In contemporary American culture, she said, the term “hag” is used to derogatorily describe an old woman. During a trip to Ireland about five years ago, Ms. Hughes learned of the Hag of Beara, an old, but ageless woman who was revered as a powerful healer. As she learned more about this mythical woman, Ms. Hughes changed her own attitudes toward aging, moving from fear to appreciation and celebration.
Returning home, she talked about the Myth of the Hag with her friends, and they were eager to change their views on hags, too. As she states in a note prepared for the exhibit:
“We’re beginning to imagine gathering in circles, which were the ancient paths of wisdom and can be the gate into the future. The Circle is the Gate.”
Her mixed-media Hag painting features gauze and burlap hag shapes in muted shades of browns, tans, yellows, and whites against a geometrical background. It is a soft, misty, look at women and their relationships, soothing and appealing.
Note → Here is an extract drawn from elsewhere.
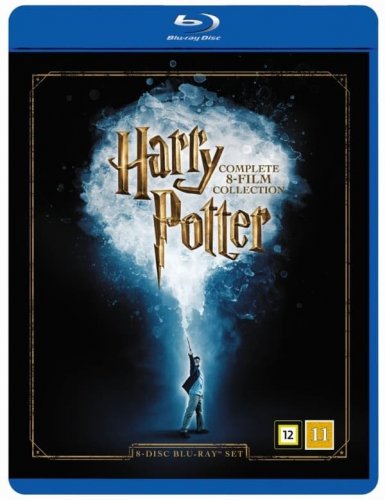 Harry Potter: Complete 8-Film Collection (8-Disc) (Blu-ray)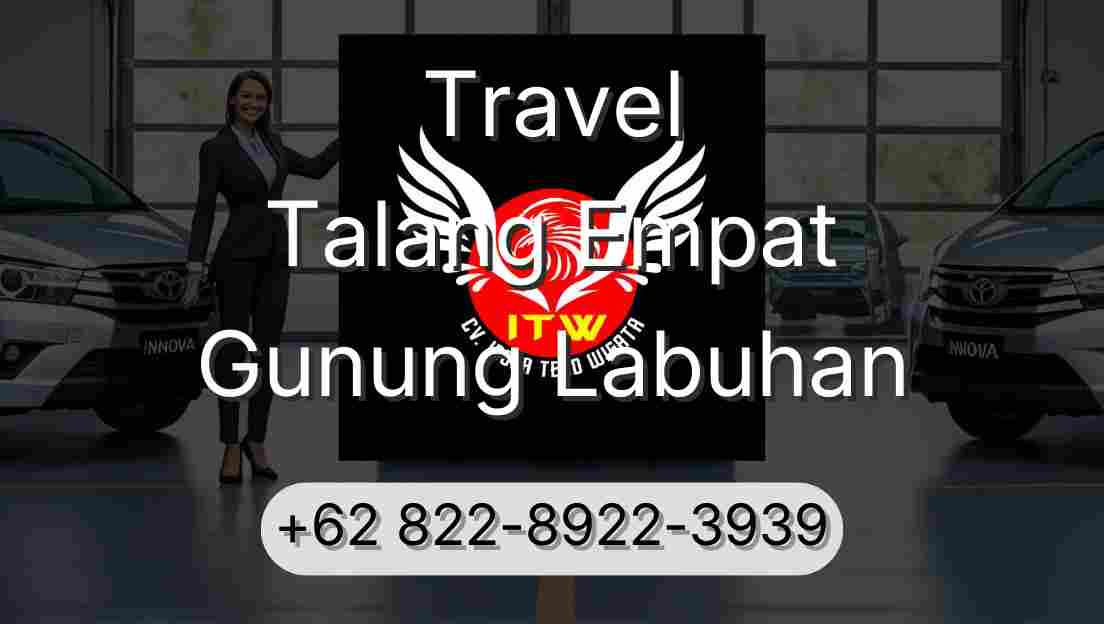 Travel Talang Empat Gunung Labuhan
Women and men of all ages are invited to take a cut-out burlap hag from a basket adjacent to the painting, write something important to them on it, and attach it to a collection of hags by the side of the painting. It was an effective way of drawing the viewer to the artwork and aiding their understanding of the purpose of the Hag Series.
Another group, the Egg Series, emerged from Ms. Hughes’s concerns about the harvesting and sale of women’s eggs to be fertilized and implanted in women who are not otherwise able to become pregnant.
Women are paid for their eggs, which exploits vulnerable women in need, she said, and the process can be dangerous, resulting in health problems and even death. Not enough research has been done, Ms. Hughes said, to ensure the safety of the procedure for all concerned.
Two Egg paintings, of about six or eight, are included in the exhibit. Using a similar color palette of browns, yellows, golds, and whites, she shows the eggs, some breaking, looking a bit like chicken eggs, the yolk dripping down.
Another painting represents her Seeds Series. Called “Seeds of…,” it is a response to the situation in Darfur, the genocide, violence against women and children, hunger, and poverty. It asks “what are we sowing, peace or violence?” and “what are we reaping, hope or despair?” This work is also interactive, and visitors may write their own thoughts on a scrap of fabric and attach it directly to the painting, using a wire or tiny clothespin.
Several other series address other social issues. Visitors may learn a lot about topics they may not have done much thinking about before. But even if they just stand back and look at these beautiful pieces, they will be moved.
Ms. Hughes lives in Yarmouthport and her work has been shown on Cape Cod, in Boston, New York City, the San Francisco Bay Area, and Ireland.